The World Bank reports that about 50 million people will be displaced annually due to climate change by 2030 in South Asia, with 40 percent of the rural population migrating to urban centres in the next 13 years. Why is South Asia going to be hit harder by climate migration?

Due to a combination of geography, climate, weak infrastructure, and poor public policy, South Asia is one of the regions that is being hit hardest by climate change. Countries like Bangladesh lie in low-lying deltas where rivers are prone to flooding, Sri Lanka and India have densely populated coastal cities affected by rising sea levels, and land-locked Nepal and Afghanistan are witnessing more frequent droughts due to rising temperatures. It is estimated that 750 million people in the region are affected by climate-related events each year – this is nearly half the region’s population.

These geographic specificities coupled with weak infrastructure and public policy makes South Asia more susceptible to climate migration. The economic and development needs of these countries are often understandably prioritised over long-term climate mitigation, and geopolitical and historic tensions in the region make a coordinated regional approach to tackling climate change challenging.

What should preparation for climate migration in South Asia look like?

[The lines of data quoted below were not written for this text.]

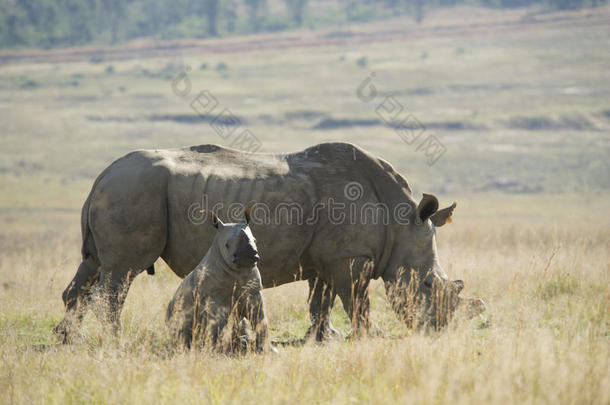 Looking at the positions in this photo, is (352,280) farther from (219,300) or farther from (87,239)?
(87,239)

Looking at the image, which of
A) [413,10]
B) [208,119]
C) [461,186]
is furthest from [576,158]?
[413,10]

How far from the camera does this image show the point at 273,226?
807cm

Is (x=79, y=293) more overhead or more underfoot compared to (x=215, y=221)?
more underfoot

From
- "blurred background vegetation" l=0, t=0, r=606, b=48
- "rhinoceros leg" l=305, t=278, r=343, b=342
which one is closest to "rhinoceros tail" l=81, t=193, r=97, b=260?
"rhinoceros leg" l=305, t=278, r=343, b=342

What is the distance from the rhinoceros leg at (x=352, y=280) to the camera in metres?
8.07

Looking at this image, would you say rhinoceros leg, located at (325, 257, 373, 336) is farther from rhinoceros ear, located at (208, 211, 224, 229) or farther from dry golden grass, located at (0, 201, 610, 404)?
rhinoceros ear, located at (208, 211, 224, 229)

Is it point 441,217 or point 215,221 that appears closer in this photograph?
point 215,221

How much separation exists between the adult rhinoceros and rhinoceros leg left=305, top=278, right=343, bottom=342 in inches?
1.0

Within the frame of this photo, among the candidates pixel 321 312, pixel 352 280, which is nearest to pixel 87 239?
pixel 321 312

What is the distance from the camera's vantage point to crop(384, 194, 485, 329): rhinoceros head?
7805 mm

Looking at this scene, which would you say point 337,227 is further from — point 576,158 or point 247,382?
point 576,158

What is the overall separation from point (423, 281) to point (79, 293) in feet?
11.9

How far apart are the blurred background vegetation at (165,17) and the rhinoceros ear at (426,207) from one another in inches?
3557

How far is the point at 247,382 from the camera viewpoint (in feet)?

Preparation for climate migration in South Asia should consist of a combination of both mitigation and adaptation strategies. Mitigation could include reducing carbon emissions and investing more development aid into disaster risk reduction measures. On the other hand, some in-situ adaptation strategies aimed at minimising climate migration include making coastal cities resilient to flooding, building roads that can withstand higher temperatures, and finding salinity-resistant crops are some examples. Other adaptation strategies see migration as inevitable, creating the frameworks for climate mobility to be safe and orderly. South Asia must follow in the footsteps of countries such as Fiji and Vanuatu and develop a climate mobility plan to tackle these challenges.

What are some specific things governments and civil society can do to prepare?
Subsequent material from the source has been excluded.